Iris looks hard at me. “I don’t think you would have, Rebekah. I don’t think so for a second.”

I call Saul the next day to tell him about Aviva’s invitation, but he knows already.

“I’m going, too,” he says. “Can you get off work a little early? I’ll drive us both.”

Four days later we battle Friday traffic along the West Side Highway and across the George Washington Bridge.

“Everybody going home for Shabbos,” says Saul, nodding to the minivan creeping beside us. The driver is wearing sidecurls and a black hat.
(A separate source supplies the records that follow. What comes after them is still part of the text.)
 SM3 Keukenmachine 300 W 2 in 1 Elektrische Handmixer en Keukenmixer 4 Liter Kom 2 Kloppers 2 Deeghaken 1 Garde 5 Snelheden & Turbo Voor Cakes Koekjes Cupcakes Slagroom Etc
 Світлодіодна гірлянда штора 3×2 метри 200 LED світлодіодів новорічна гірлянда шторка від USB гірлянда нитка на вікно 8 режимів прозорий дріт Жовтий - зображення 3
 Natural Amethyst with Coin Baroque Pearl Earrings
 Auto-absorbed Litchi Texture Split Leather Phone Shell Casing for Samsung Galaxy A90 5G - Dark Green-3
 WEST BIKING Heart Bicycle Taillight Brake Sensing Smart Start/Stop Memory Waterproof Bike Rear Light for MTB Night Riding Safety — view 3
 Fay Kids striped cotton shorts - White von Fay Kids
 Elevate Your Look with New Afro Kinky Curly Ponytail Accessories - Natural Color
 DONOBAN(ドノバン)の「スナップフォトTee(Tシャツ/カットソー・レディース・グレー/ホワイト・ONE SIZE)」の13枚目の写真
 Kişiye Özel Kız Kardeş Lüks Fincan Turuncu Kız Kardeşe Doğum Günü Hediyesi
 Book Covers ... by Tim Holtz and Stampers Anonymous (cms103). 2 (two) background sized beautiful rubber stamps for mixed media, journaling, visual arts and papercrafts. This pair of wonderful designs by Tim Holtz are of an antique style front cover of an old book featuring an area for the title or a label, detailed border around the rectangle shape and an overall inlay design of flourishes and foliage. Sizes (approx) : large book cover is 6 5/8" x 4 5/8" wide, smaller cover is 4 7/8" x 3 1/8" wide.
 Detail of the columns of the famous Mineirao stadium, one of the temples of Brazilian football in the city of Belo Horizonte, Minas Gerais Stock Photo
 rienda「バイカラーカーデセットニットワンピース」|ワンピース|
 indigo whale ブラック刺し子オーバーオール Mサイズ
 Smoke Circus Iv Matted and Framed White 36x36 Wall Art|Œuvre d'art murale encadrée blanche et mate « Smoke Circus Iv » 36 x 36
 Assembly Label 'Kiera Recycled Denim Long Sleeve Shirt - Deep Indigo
“I wonder if he’s going to Roseville,” I say.

“Perhaps,” says Saul.

“Do you ever think we could have stopped it-if we’d moved faster with Pessie?”

“Do you?”

“I think about it a lot,” I say, which is kind of an understatement. I think about it all the time. I replay every interview, every phone call, every Google search. In my dreams, I see Connie and Nan at the truck and the truck is bigger than it should be. And instead of taking the wheelchair out of the back, I see Connie take out the AR-15. He laughs and I think, But it looked like a wheelchair! How could I have missed it? What I haven’t told anyone is that I’ve developed a sort of-how should I say it?-response to pickup trucks. I have this feeling that they’re coming to get me, like that demon car Stephen King wrote about. Twice since the shooting I’ve been sent to cover pedestrian death scenes. The first one was an eight-year-old boy on the east side of Prospect Park. Kid ran into the crosswalk after his scooter and a woman in an SUV turned without looking. His parents watched the whole thing. A couple weeks after, it was a man who worked at a fix-a-flat on Flatbush. He was opening up at 6:00 A.M. when some drunk doing sixty-five in a sports car, after a night who knows where, lost control, jumped the curb, and pinned him against the storefront. The second driver fled the scene, but the woman who killed the kid stopped. I pitched Mike a story about pedestrian fatalities, and I now know that around 130 people get killed in the city each year while “crossing the street.” For whatever reason, this, plus the memory of Connie’s truck, combined inside me to create an almost instant anxiety attack almost every time I see a pickup. I think: here he comes. I go hot and cold; heart stopped for a moment. A year ago, the fright would have knocked me out. I’d have thrown up, or run home. Now I’m learning to right myself, by myself. I don’t know if I’m getting stronger, or just harder, but either way I have found that I can I keep working. Keep walking. Sometimes, yes, I take a pill. I went back to Anna-the student psychiatrist at Columbia-and she asked me if I thought the “he” coming to get me in the truck might be the guilt I feel about my role in Roseville. I thought that was a good question.